▶ **Action item**: Print the line containing "a glass of water" and every line after it exactly as written, through the end of the records.

*** Opening of Material provided ***

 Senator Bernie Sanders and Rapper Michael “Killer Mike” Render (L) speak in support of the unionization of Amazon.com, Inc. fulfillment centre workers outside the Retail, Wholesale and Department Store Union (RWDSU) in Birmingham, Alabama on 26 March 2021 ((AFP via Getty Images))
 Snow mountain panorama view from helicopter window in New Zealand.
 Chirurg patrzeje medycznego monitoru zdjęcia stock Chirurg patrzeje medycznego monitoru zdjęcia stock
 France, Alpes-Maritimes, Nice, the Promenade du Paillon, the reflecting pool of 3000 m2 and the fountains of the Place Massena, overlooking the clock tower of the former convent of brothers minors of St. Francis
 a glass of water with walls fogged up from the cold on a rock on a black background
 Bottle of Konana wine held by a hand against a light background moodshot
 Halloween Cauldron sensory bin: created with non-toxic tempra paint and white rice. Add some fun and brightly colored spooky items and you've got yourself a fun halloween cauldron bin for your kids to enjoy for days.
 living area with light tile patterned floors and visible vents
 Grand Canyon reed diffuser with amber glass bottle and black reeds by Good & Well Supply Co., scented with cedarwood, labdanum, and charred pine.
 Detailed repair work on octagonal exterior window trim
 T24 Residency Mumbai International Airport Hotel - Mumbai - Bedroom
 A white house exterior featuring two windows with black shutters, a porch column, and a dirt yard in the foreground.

*** Close of Material provided ***

▶ **Answer for the task**:
 a glass of water with walls fogged up from the cold on a rock on a black background
 Bottle of Konana wine held by a hand against a light background moodshot
 Halloween Cauldron sensory bin: created with non-toxic tempra paint and white rice. Add some fun and brightly colored spooky items and you've got yourself a fun halloween cauldron bin for your kids to enjoy for days.
 living area with light tile patterned floors and visible vents
 Grand Canyon reed diffuser with amber glass bottle and black reeds by Good & Well Supply Co., scented with cedarwood, labdanum, and charred pine.
 Detailed repair work on octagonal exterior window trim
 T24 Residency Mumbai International Airport Hotel - Mumbai - Bedroom
 A white house exterior featuring two windows with black shutters, a porch column, and a dirt yard in the foreground.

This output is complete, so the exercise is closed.